[Dataset entries]
══════════

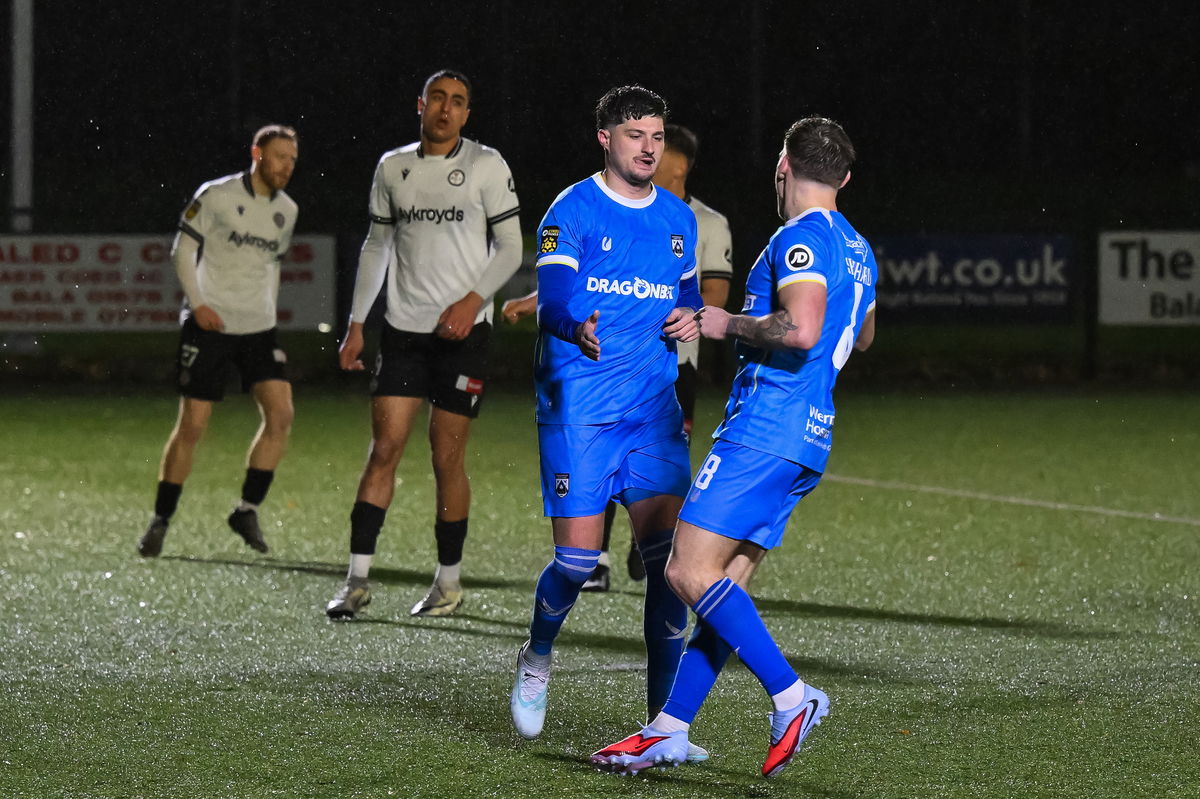 Ben Ahmun celebrates scoring from the penalty spot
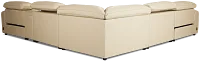 Tidal Beige Lthr/vinyl Medium Dual Power 2-arm Reclining Sectional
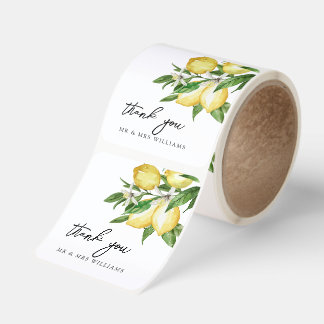 Lemon Wedding Thank You Stickers – Watercolor
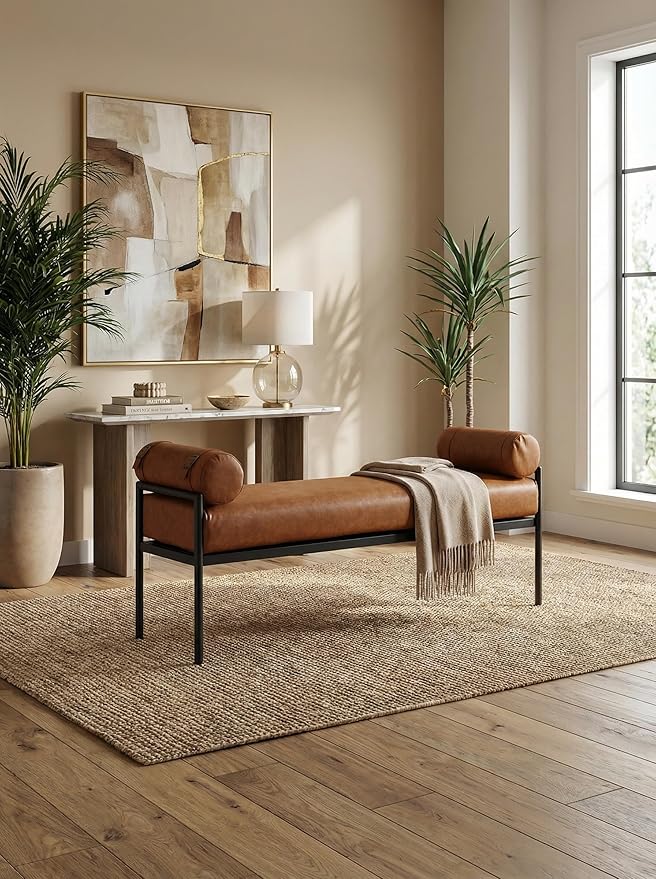 LukeAlon Modern 55" End of Bed Bench Long King Upholstered PU Leather Ottoman Bench with Arms & Detachable Strappy Pillows for Bedroom Entryway Window with Black Metal Legs, Brown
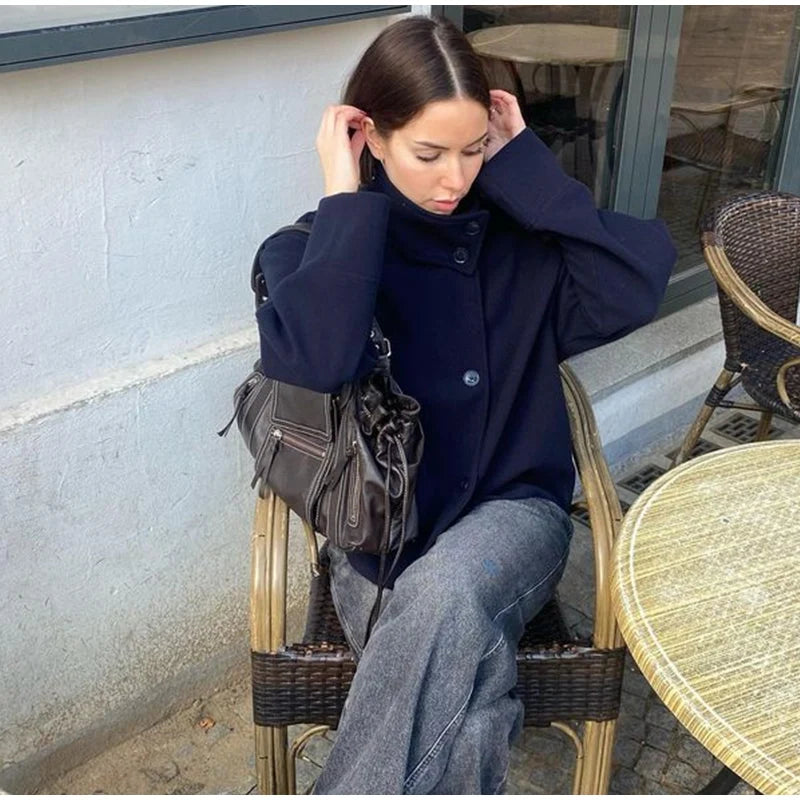 Stand Collar Woolen Short Coat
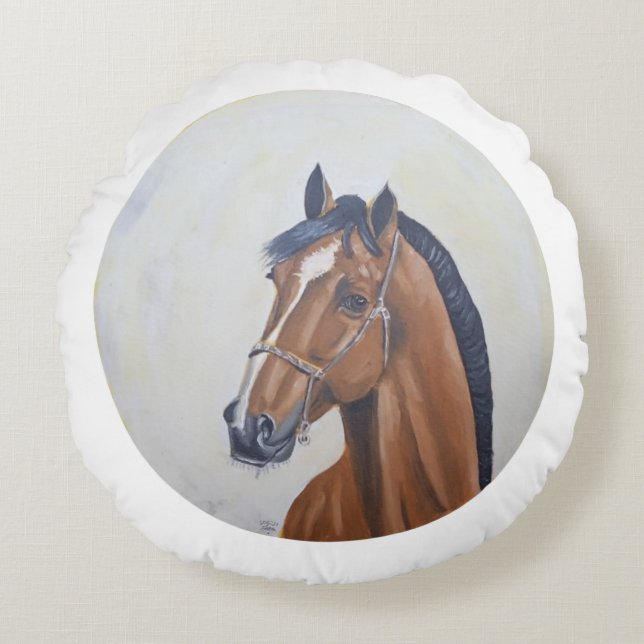 Majestic Horse Portrait T-Shirt Rond Kussen (Voorkant)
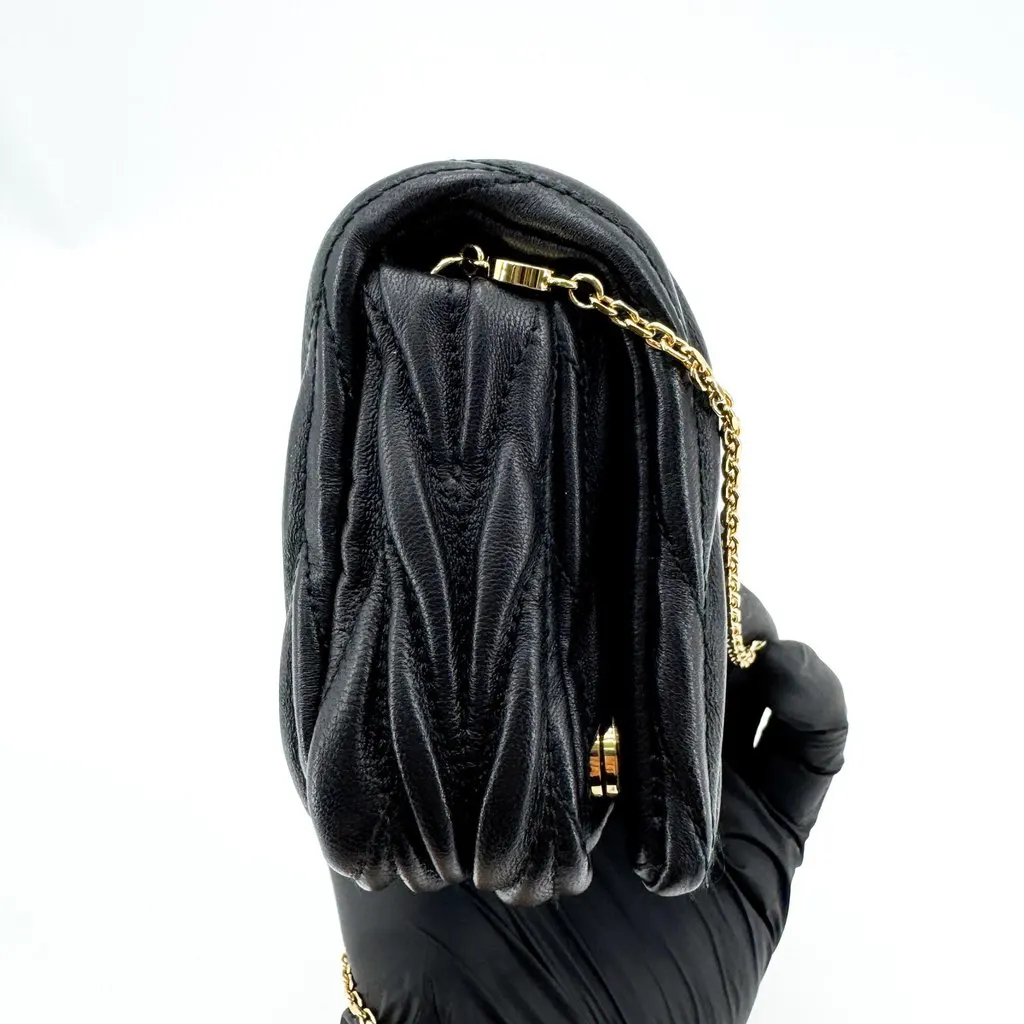 Miu Miu Matelasse Nappa Leather Mini Bag Black Gold Black Leather Good - Box View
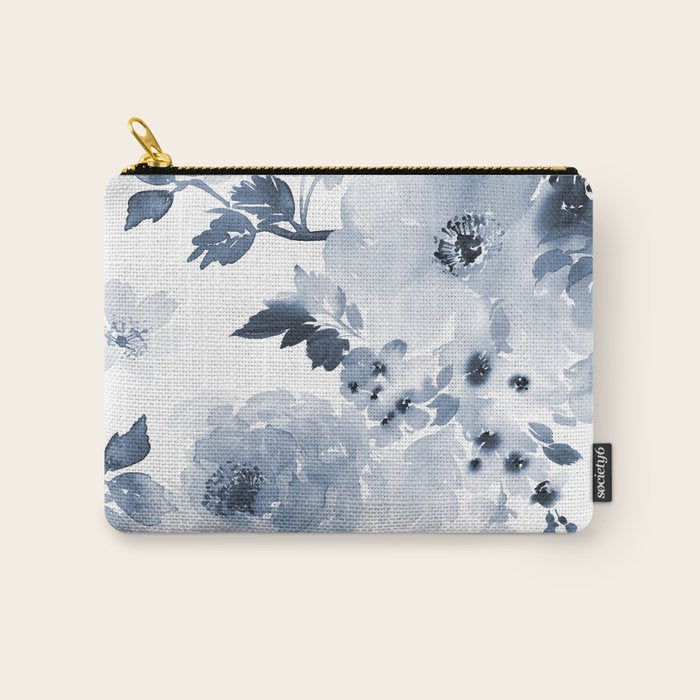 Floral Kingdom Watercolor Navy Blue Painting Of Flowers Peony Carry All Pouch Gallery Image 1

══════════

*WORK ITEM*
Please transcribe word for word the lines from the one bearing "Tidal Beige Lthr/vinyl" through the last line of the records above, omitting the pictures.

*EXERCISE ANSWER*
 Tidal Beige Lthr/vinyl Medium Dual Power 2-arm Reclining Sectional
 Lemon Wedding Thank You Stickers – Watercolor
 LukeAlon Modern 55" End of Bed Bench Long King Upholstered PU Leather Ottoman Bench with Arms & Detachable Strappy Pillows for Bedroom Entryway Window with Black Metal Legs, Brown
 Stand Collar Woolen Short Coat
 Majestic Horse Portrait T-Shirt Rond Kussen (Voorkant)
 Miu Miu Matelasse Nappa Leather Mini Bag Black Gold Black Leather Good - Box View
 Floral Kingdom Watercolor Navy Blue Painting Of Flowers Peony Carry All Pouch Gallery Image 1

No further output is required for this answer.